ACTE PROPOSÉ : Directive du Parlement européen et du Conseil.

CONTEXTE : la directive 97/9/CE (DSII) prévoit que les clients qui reçoivent des services d’investissement de la part d’entreprises d’investissement (y compris les établissements de crédit) sont indemnisés dans des circonstances précises, lorsque l’entreprise d’investissement concernée n’est pas en mesure de restituer les fonds ou les instruments financiers qu’elle détient pour le compte de son client.

Ces dernières années, la Commission a reçu de multiples plaintes d’investisseurs concernant l’application de la DSII, dans plusieurs affaires importantes où les investisseurs ont subi des pertes élevées. Ces plaintes portent principalement sur la couverture offerte par les systèmes d’indemnisation des investisseurs et leur financement, ainsi que sur les délais d’obtention de l’indemnisation. Les principaux problèmes que pose l’application de la DSII sont liés au large pouvoir d’appréciation que celle-ci laisse aux États membres. D’’autres problèmes, comme le fait que n’ont actuellement droit à aucune indemnisation les investisseurs qui, en raison de la défaillance d’un déposant ou d’un tiers, ne peuvent recouvrer leurs actifs ou subissent une dépréciation des parts ou des actions qu’ils détiennent dans un OPCVM, doivent également être traités au niveau de l’UE.

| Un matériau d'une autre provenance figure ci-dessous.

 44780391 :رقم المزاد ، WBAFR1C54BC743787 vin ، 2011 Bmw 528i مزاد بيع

La présente initiative est le fruit d’une consultation et d’un dialogue avec l’ensemble des principaux intéressés, notamment les régulateurs des marchés des valeurs mobilières, les participants à ces marchés, les systèmes nationaux d’indemnisation des investisseurs et les consommateurs. Elle fait partie d’un « paquet » sur les systèmes d’indemnisation et de garantie, qui comprend également une proposition de modification la directive relative aux systèmes de garantie des dépôts, ainsi qu’un Livre banc sur les régimes de garantie des assurances.

ANALYSE D’IMPACT : la Commission a réalisé une analyse d’impact portant sur les différentes stratégies possibles. Les options envisagées concernaient essentiellement le financement des systèmes d’indemnisation des investisseurs, les délais de remboursement, et l’étendue et le niveau de l’indemnisation.

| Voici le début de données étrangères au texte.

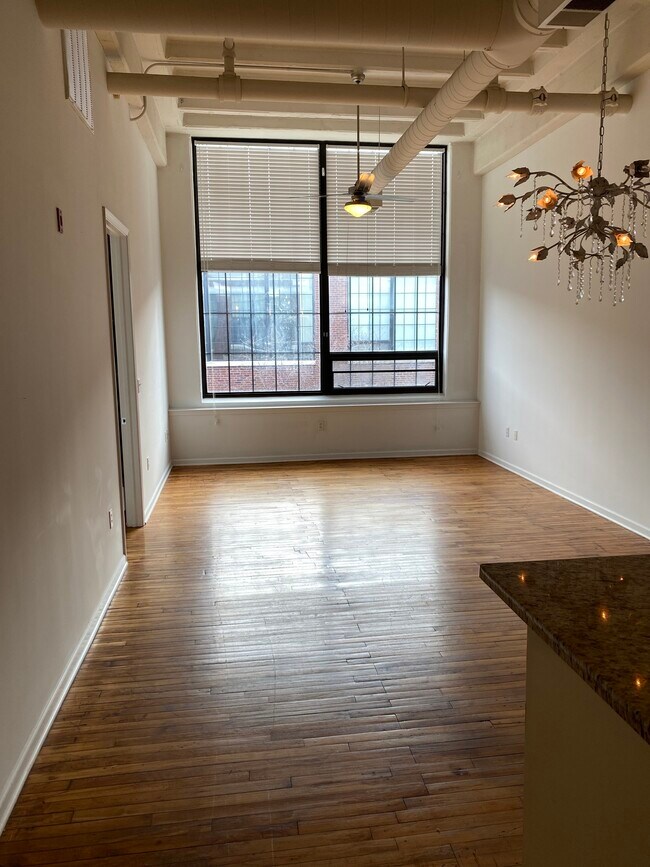 Foto del edificio - 48 E Walnut St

Chaque option a été évaluée à l’aune des critères suivants: protection et confiance des investisseurs, équité de la protection offerte pour différents types d’investissements ou de services dans l’UE et rapport coût-efficacité, c’est-à-dire la mesure dans laquelle l’option considérée permettrait d’atteindre les objectifs recherchés et favoriserait le fonctionnement efficace et efficient des marchés des valeurs mobilières.

BASE JURIDIQUE : article 53, paragraphe 1, du traité sur le fonctionnement de l’Union européenne (TFUE).

CONTENU : la présente proposition répond à l’objectif, défini au niveau du G20, de combler toute lacune du cadre réglementaire et prudentiel, ainsi qu’à l’objectif de rétablir la confiance des investisseurs dans le système financier. Plus particulièrement, elle vise à : i) améliorer le fonctionnement concret de la DSII et à en préciser le champ d’application à la lumière de la crise financière et des changements récemment intervenus dans le paysage réglementaire de l’UE ; ii) réduire les disparités existant entre la protection accordée aux clients des entreprises d’investissement, d’une part, et aux déposants bancaires.

Étant donné les divergences actuelles de fonctionnement entre les systèmes nationaux d’indemnisation des investisseurs, la proposition prévoit l’instauration de règles communes visant à garantir un certain degré d’harmonisation dans leur financement et leurs pratiques quotidiennes; elle prévoit également, sous réserve d’une analyse rigoureuse de l’Autorité européenne des marchés financiers et d’une obligation de remboursement dans un délai maximal de cinq ans, la création d’un mécanisme d’emprunt en dernier ressort entre systèmes nationaux, qui leur permettrait de faire face à des besoins de financement temporaires.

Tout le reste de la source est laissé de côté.